2. Material and methods
2.1. Experimental model
Hprt-Cre mice were purchased from The Jackson Laboratory (#004302) and crossed onto C57BL6 for at least 10 generations. Ai14 mice (Rosa26-LoxP-STOP-LoxP-tdTomato) and LSL-p21 mice (Col1a1-LoxP-STOP-LoxP-p21) were described previously [16,33]. Female Hprt-Cre/+ mice were crossed with LSL-p21/+; Ai14/Ai14 males to generate LSL-p21/+ Ai14/+ mice (p21OE) and Ai14/+ littermates (control).
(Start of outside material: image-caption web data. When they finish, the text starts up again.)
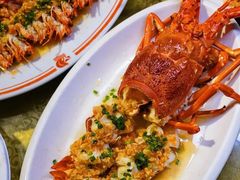 -三亚火车头万人海鲜广场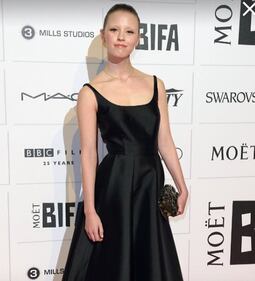 Shia LaBeouf e la sua futura sposa Mia Goth 12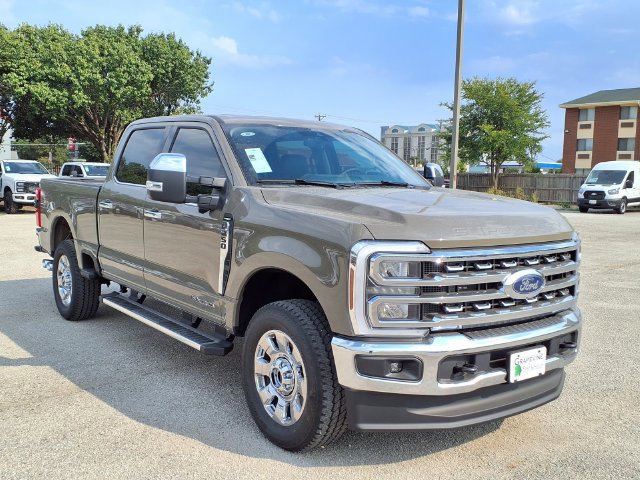 Used 2026 Ford F250 Lariat w/ Chrome Package AWD/4WD image 1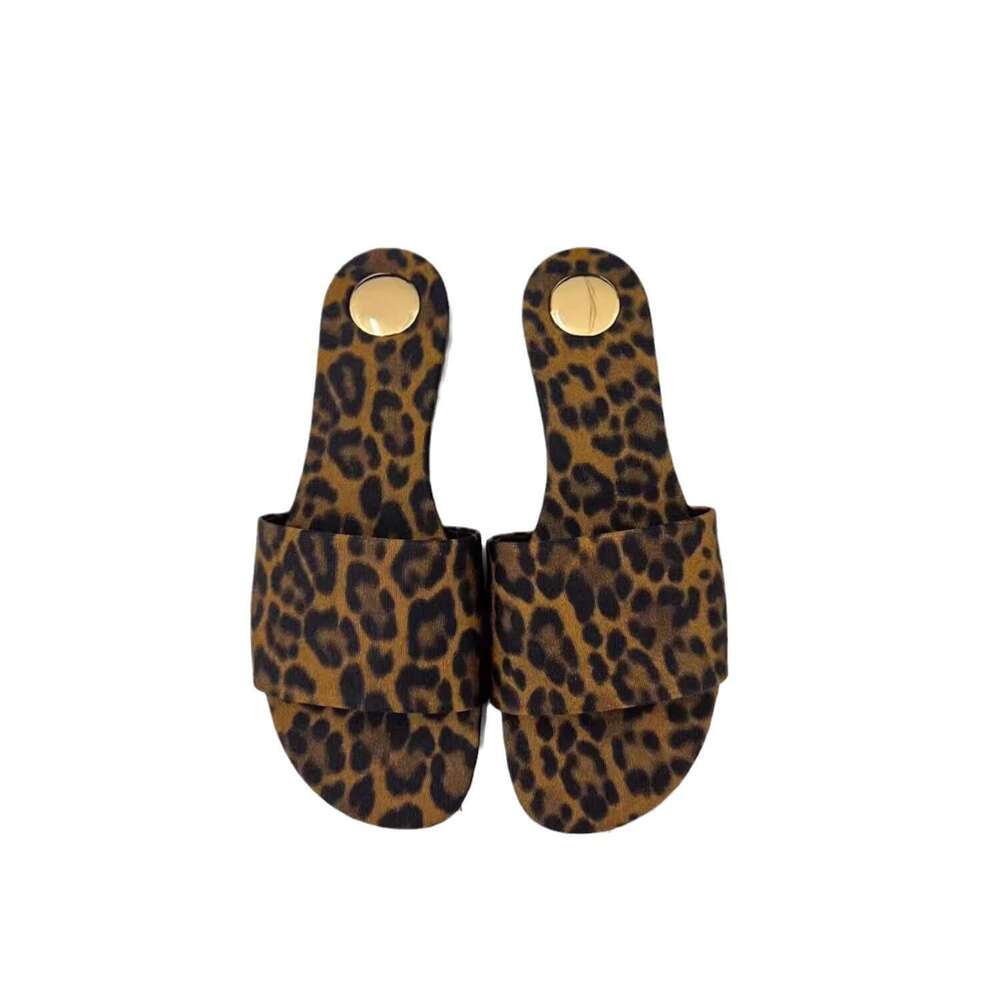 Spring and new flat bottomed leopard print slippers for women's daily wear, summer trend fashion sandals, designer shoes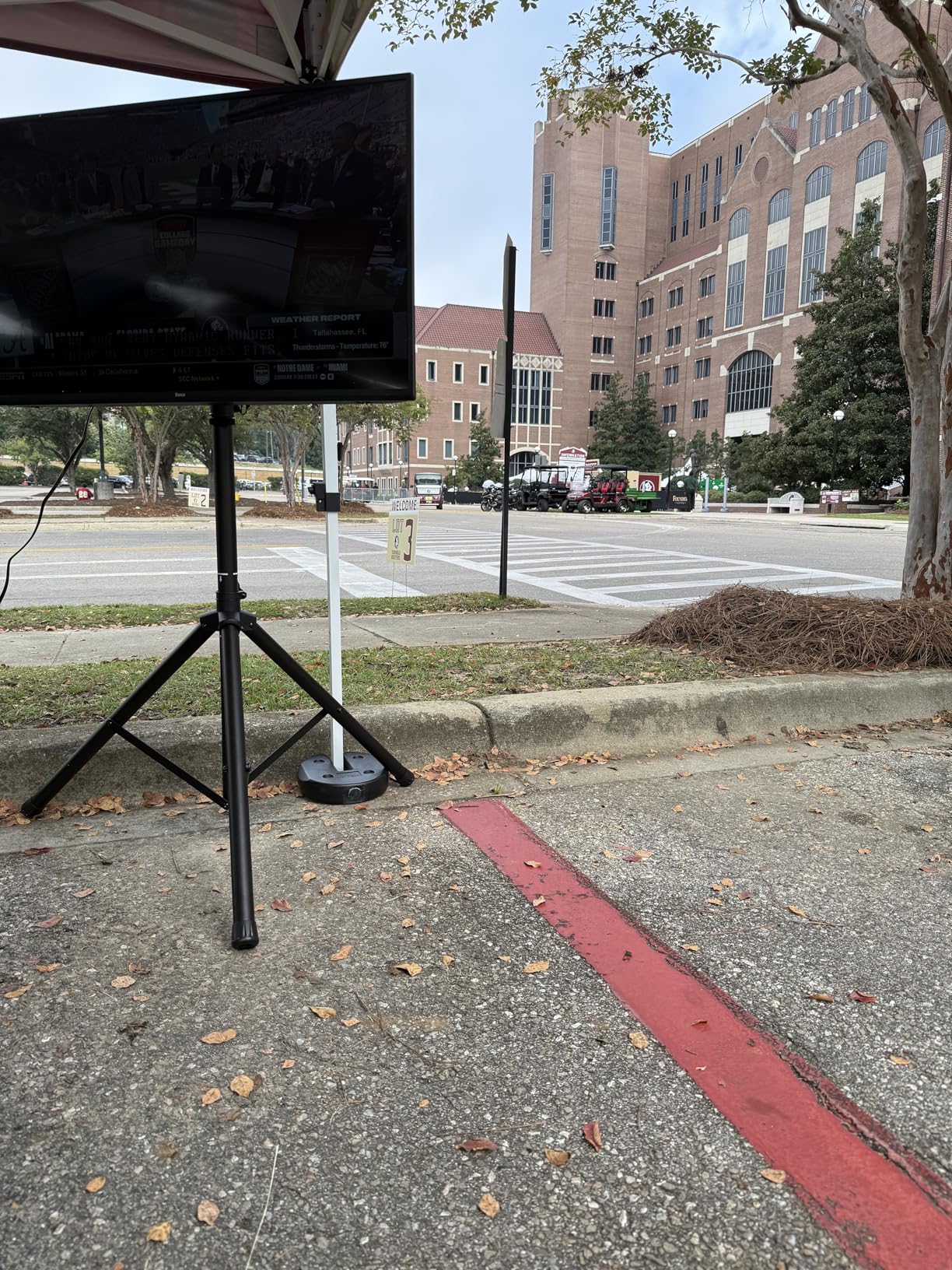 Roku Smart TV 2025 – 32-Inch Select Series, 1080p Full HD TV – Roku TV with Voice Remote – Flat Screen LED Television with Wi-Fi for Streaming Live Local News, Sports, Family Entertainment - Customer Photo 3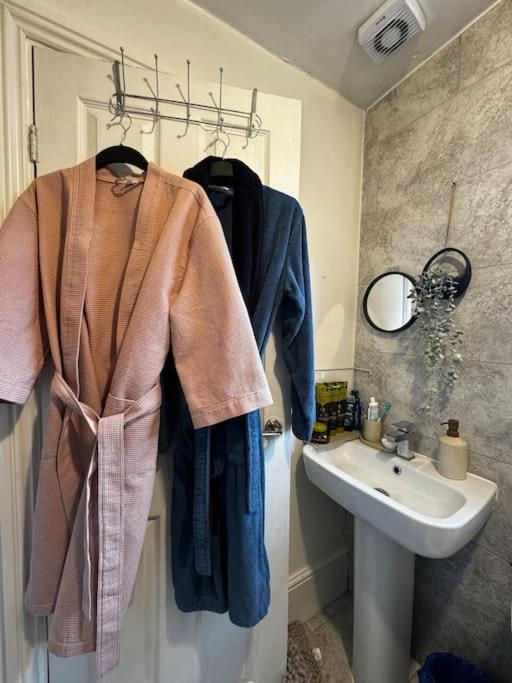 Entire 1Bed Stratford Westfield Apartment London Bagian luar foto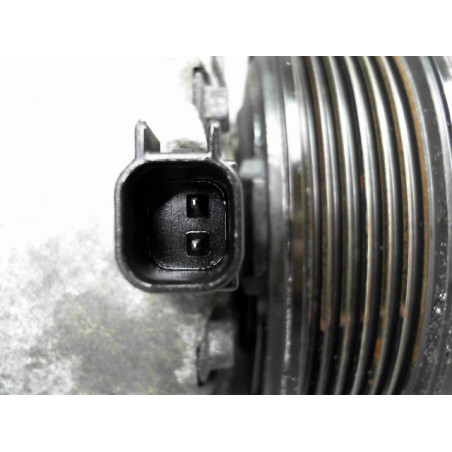 COMPRESSEUR AIR CONDITIONNE FORD FIESTA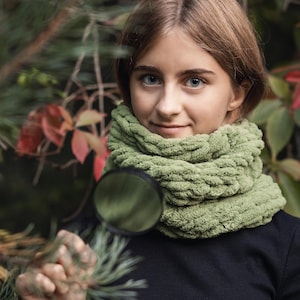 Handmade Moss Green Tube Scarf: Chunky Knit Unisex Snood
In both p21OE and control mice, the LoxP-STOP-LoxP (LSL) cassettes in front of the p21 transgene and tdTomato transgene are recombined by Hprt-Cre in the oocyte. All resultant experimental mice did not express Hprt-Cre themselves. Both male and female mice were used in experiments at 2–3 months of age. Experimental procedures involving laboratory mice were reviewed and approved by the Institutional Animal Care and Use Committee of the Mayo Clinic.
2.2. Tissue processing
Immediately following euthanasia, skeletal muscles were excised and weighed, then pinned to a cork block at resting length, covered with Tissue Tek Optimal Cutting Temperature (OCT) compound (Sakura Finetek, Torrance, CA, USA), and quickly frozen in liquid nitrogen-cooled isopentane and stored at −80 °C for histochemical analysis. Additional skeletal muscles and organs were collected and flash frozen in cryotubes and stored at −80 °C for RNA and protein extraction. Blood was collected with a 27G x ½” Monoject needle (Covidien, Dublin, Ireland) via the vena cava. After blood was collected, it was stored on ice and spun down in a centrifuge. The top layer of plasma was removed and stored at −80 °C for future analysis.
2.3. Histochemistry
Frozen soleus and plantaris muscles in OCT from female (n = 2–3/group) and male (n = 2–3/group) mice were sectioned using a Leica CM3050 S Cryostat (Leica Biosystems, Deer Park, IL, USA) at a thickness of 7 μm and at −23 °C. Sections were air dried at room temperature for 1 h and stored at −20 °C. To determine total fiber number, fiber type distribution, cross-sectional area, and nuclear number, soleus and plantaris cross sections were incubated in a cocktail of isotype-specific antibodies for MyHC1 anti-Ms IgG2B (1:100, BA.D5) and MyCH2A anti-Ms IgG1 (1:100, SC.71) from Developmental Studies Hybridoma Bank (Iowa City, IA, USA), and anti-dystrophin anti-Rb IgG (1:100, Abcam, St. Louis, MO, USA) for 1 h. Sections were washed with PBS and incubated in the secondary antibodies Alexa Fluor 647 Gt anti-Ms IgG2B (1:200), Alexa Fluor 555 Gt anti-Ms IgG1 (1:200), and Alexa Fluor 488 Gt anti-Ms IgG1 (1:200), from Invitrogen (Carlsbad, CA, USA) for 90 min. SlowFade Gold antifade mountant with DAPI (Invitrogen) was used for DAPI staining and coverslipping. To visualize nuclei with DNA damage, soleus cross sections were thawed at room temperature for 5 min, fixed in 4% PFA in PBS for 10 min, washed with PBS and permeabilized with 0.1% Triton X-100 diluted in PBS for 5 min. Sections were then blocked with 1% BSA in PBS at room temperature for 1 h and incubated overnight at 4 °C with anti-dystrophin (mouse IgG2B, 1:100; Abcam) and anti-γH2AX (Rabbit IgG, 1:300; Cell Signaling Technology, Inc. Danvers, MA, USA) antibodies. The next day, sections were washed with PBS and incubated at room temperature in secondary antibodies Alexa Fluor 647 Gt anti-Ms IgG2B (1:200) and Alexa Fluor 488 Gt anti-Ms IgG (1:200) for 75 min and washed again. SlowFade Gold antifade mountant with DAPI (Invitrogen) was used for DAPI staining and coverslipping. To quantify fibrosis, soleus cross sections were stained with picrosirius red (PSR) for 1 h (Polysciences, Warrington, PA, USA) and rinsed in acetic acid, according to the manufacturer's instructions.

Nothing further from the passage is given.